DavidT DavidT - 7 months ago 14
PHP Question

Purpose of function(data){} in JQuery $.get()

In my MySQL database there is a column for VideoID and VideoCode

I have a PHP function in backend.php that aims to pick the next video in the list as follows:

$VideoID = 0;

function nextvideo(){
global $VideoID;
$VideoID = $VideoID + 1;
$sql = mysql_query("SELECT * FROM Videos WHERE VideoID = '".$VideoID."'");
$result = mysql_fetch_array($sql);
return $result[2];
}

$VideoCode = nextvideo();


I then have the
$VideoCode
variable
echo
in my front end file inside a url that gives the embedded video.

That is all fine and it works, each time the
nextvideo()
function is called it picks the next
$VideoCode
correctly. However I want to implement a 'next' button that allows the user to effectively call the
nextvideo()
function and therefore load the next video. So I know i need to use AJAX and the
.get()
function but I have no idea how to use it and have tried reading up on it. So far I have this:

<script type="text/javascript">
function next() {
$.get("backend.php", *1*, *2*);
return false;
}
</script>

<a href="#" onclick="next();">Next</a>


I know that after backend.php in the
$.get()
function i need some more info,
*1*
being something to send to the backend file and
*2*
being what to do with the result once its sent back. This is where I am stuck.

Does
*1*
need to be
nextvideo()
because that's the PHP function i wish to call, then
*2*
be something that will refresh the page so that the
$VideoCode
variable is updated and the next video is updated? Reading the documentation i know it needs to look something like:

$.get("test.php", function(data){
alert("Data Loaded: " + data);
});


But what is
function(data)
?

Answer

function(data) is a javascript function which is called when the request completes, passing in the variable data which is the page returned from the server. So in other words, when the request completes the code in that function will be executed and the variable data will contain whatever the server sent back from your request.

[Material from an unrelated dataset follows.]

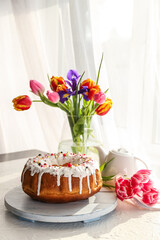 Tasty Easter cake and vase with flowers on table in room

What you want to do is something like this

<script type="text/javascript">
  function next() {
     var currentVideoId = $('#videoId').val();
     $.get("backend.php", { videoId: currentVideoId }, function(data) {
        $('#video').html(data); 
        $('#videoId').val($('#videoId').val() + 1);
     });
     return false;
  }
</script>

<a href="#" onclick="next();">Next</a>

Where you have a hidden input field with id videoId which has a value of the current video's id and an element with id video which is the element to be updated with the new video.

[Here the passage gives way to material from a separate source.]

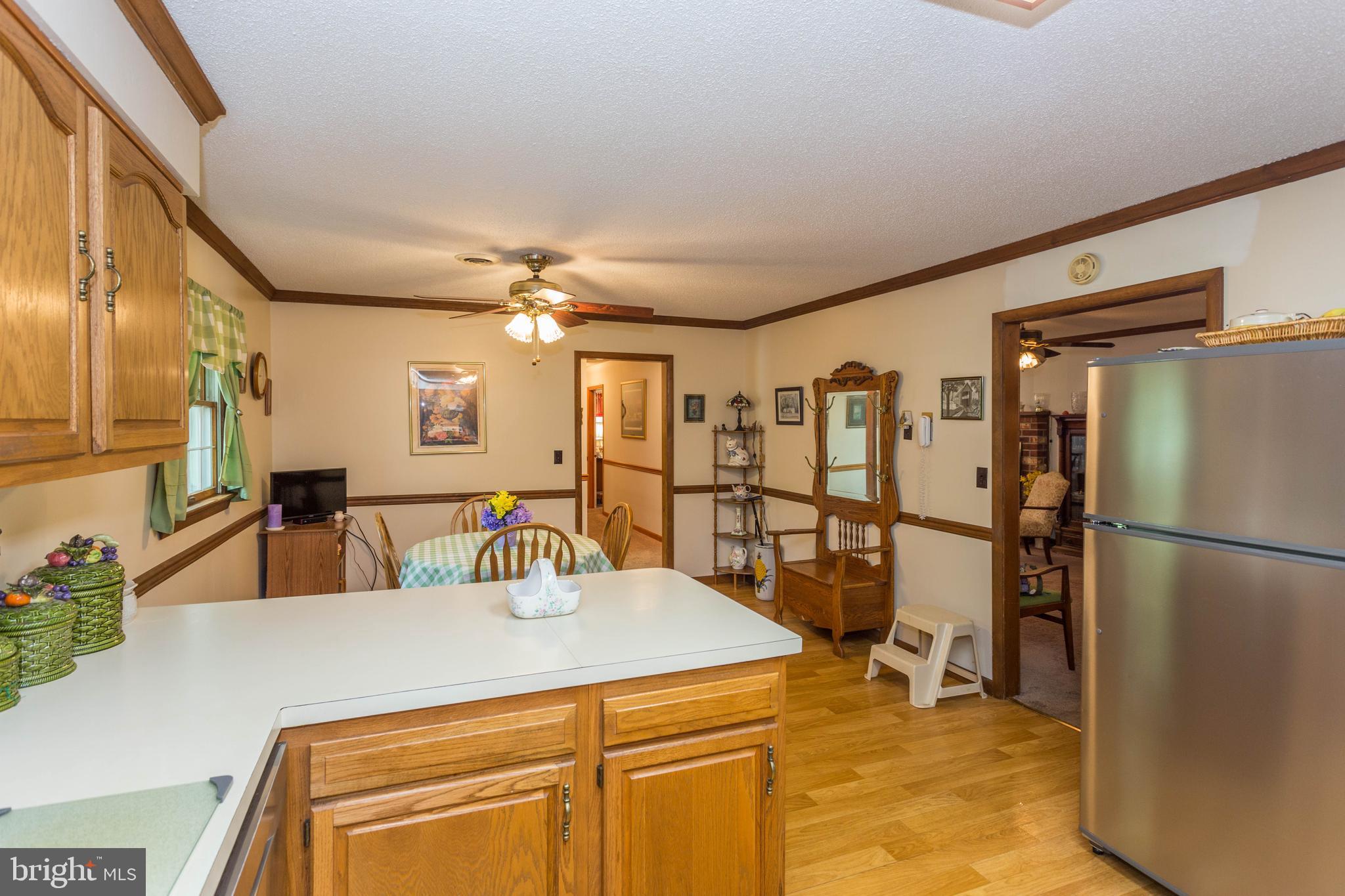 22167 Melson Road Georgetown, DE 19947 - Photo 27 of 38 a kitchen with a refrigerator and a sink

Your PHP script would look something like this:

$VideoID = intval($_GET['videoId']) + 1;
$sql = mysql_query("SELECT * FROM Videos WHERE VideoID = '".$VideoID."'");
$result = mysql_fetch_array($sql);
echo $result[2];

This accepts the $_GET variable being passed in by the AJAX function and prints out the video code which is sent to the data variable in the javascript.

Hopefully this helps, if you're still unsure of anything please ask!